**TASK DETAILS:** Repeat every line from the line containing "4 Bedroom Property" to the end of the data, exactly. Leave the pictures out.

+++ INFORMATION PROVIDED

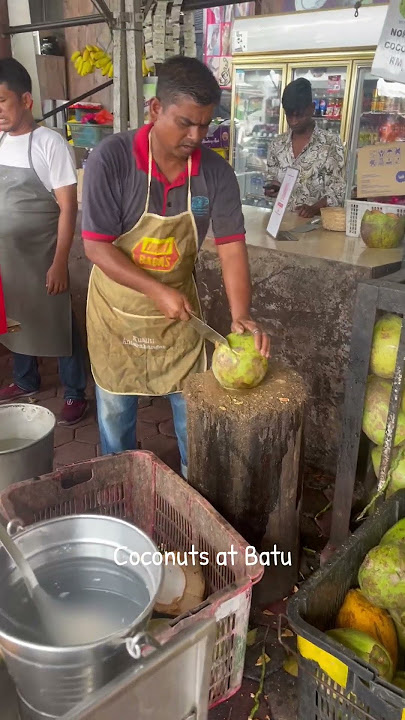 Download lagu Coconuts are sold here outside of the Batu Caves
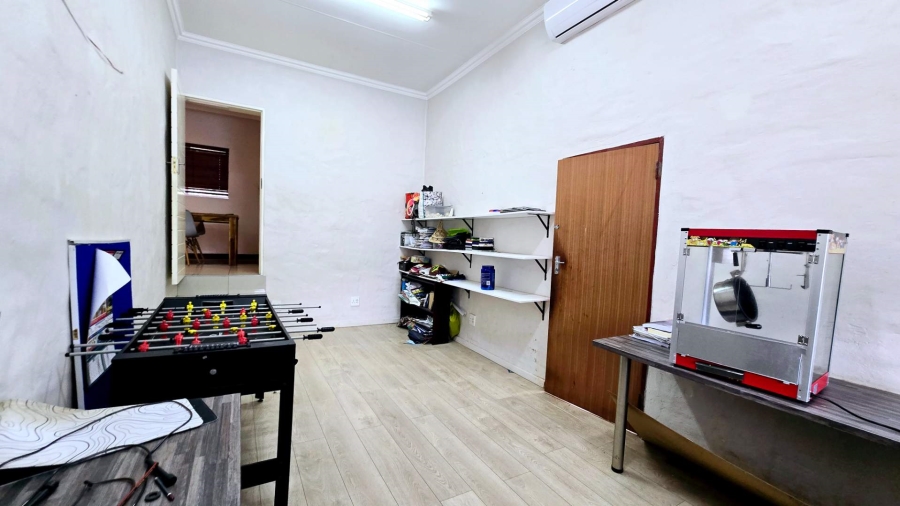 4 Bedroom Property for Sale in Meyerspark Gauteng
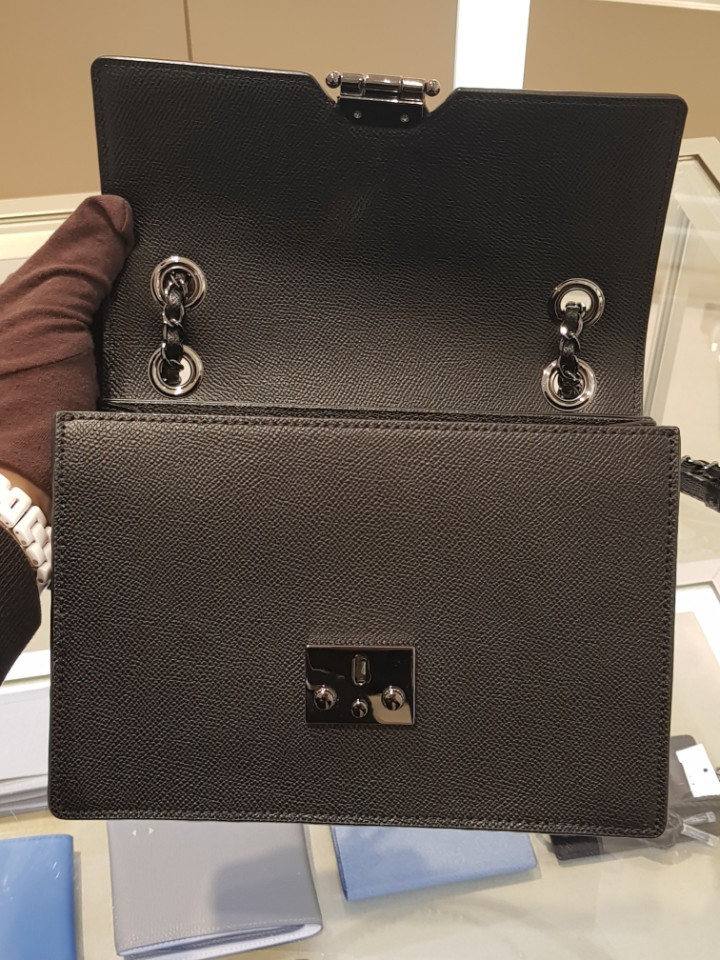 <b><p>LoveCat on Basic 8 Mini Cross LHF2S300 Co.,</p></b><b><p>ロブケトたベーシック8ミニクロスバックLHF2S300有限洗練されたエレガントなトレンドのホットアイ</p></b><br /><br /><p align='center'>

++++++

**OUTPUT FOR THIS TASK:**
 4 Bedroom Property for Sale in Meyerspark Gauteng
 <b><p>LoveCat on Basic 8 Mini Cross LHF2S300 Co.,</p></b><b><p>ロブケトたベーシック8ミニクロスバックLHF2S300有限洗練されたエレガントなトレンドのホットアイ</p></b><br /><br /><p align='center'>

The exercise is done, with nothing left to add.